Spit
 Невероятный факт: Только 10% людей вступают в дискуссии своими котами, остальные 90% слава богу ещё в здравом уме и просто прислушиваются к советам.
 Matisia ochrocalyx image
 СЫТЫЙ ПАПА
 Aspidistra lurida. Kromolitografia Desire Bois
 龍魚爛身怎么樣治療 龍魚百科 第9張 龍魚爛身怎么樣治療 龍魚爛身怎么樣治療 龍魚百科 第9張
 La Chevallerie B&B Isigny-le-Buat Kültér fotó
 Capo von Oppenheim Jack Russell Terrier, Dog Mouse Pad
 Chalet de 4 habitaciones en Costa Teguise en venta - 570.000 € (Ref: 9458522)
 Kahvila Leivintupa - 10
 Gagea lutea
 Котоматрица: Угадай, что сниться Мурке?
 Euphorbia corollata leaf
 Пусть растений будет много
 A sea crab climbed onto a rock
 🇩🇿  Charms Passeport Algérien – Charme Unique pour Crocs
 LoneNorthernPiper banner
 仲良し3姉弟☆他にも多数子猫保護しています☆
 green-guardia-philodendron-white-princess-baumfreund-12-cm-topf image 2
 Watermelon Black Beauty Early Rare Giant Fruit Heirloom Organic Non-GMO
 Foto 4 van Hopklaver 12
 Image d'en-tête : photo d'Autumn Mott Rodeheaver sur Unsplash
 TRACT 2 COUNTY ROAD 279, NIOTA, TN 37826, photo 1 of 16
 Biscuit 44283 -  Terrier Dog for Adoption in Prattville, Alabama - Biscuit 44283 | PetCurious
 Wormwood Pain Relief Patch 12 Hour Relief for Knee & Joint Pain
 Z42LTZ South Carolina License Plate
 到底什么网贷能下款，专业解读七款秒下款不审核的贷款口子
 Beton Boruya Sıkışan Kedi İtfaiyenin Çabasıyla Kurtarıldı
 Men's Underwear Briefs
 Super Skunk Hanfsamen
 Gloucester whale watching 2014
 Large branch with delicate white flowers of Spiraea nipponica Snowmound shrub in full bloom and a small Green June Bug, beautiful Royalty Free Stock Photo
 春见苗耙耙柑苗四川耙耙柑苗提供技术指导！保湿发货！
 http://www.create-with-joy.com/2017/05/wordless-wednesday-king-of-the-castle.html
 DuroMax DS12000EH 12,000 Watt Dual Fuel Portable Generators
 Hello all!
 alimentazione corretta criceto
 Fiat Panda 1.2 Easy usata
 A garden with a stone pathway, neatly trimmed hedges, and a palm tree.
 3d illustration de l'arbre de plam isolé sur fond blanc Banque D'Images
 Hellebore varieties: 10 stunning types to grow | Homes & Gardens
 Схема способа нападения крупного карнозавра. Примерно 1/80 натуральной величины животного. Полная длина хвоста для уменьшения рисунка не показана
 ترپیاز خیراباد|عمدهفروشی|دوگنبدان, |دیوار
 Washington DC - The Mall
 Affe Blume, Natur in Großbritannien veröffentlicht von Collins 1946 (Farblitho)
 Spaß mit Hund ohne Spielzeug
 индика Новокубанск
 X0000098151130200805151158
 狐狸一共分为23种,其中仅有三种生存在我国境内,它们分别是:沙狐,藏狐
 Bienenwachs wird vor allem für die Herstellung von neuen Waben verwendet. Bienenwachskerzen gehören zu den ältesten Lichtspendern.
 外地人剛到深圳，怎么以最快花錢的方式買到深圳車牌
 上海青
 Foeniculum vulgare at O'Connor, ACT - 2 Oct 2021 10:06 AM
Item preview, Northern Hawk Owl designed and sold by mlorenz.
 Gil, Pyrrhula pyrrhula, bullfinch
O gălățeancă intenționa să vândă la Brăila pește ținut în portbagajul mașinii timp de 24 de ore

::::::::

Brief:
Go to the line holding "狐狸一共分为23种,其中仅有三种生存在我国境内,它们分别是:沙狐,藏狐" in the entries above and return it, along with every line after it, exactly as written.

Finished exercise:
 狐狸一共分为23种,其中仅有三种生存在我国境内,它们分别是:沙狐,藏狐
 Bienenwachs wird vor allem für die Herstellung von neuen Waben verwendet. Bienenwachskerzen gehören zu den ältesten Lichtspendern.
 外地人剛到深圳，怎么以最快花錢的方式買到深圳車牌
 上海青
 Foeniculum vulgare at O'Connor, ACT - 2 Oct 2021 10:06 AM
Item preview, Northern Hawk Owl designed and sold by mlorenz.
 Gil, Pyrrhula pyrrhula, bullfinch
O gălățeancă intenționa să vândă la Brăila pește ținut în portbagajul mașinii timp de 24 de ore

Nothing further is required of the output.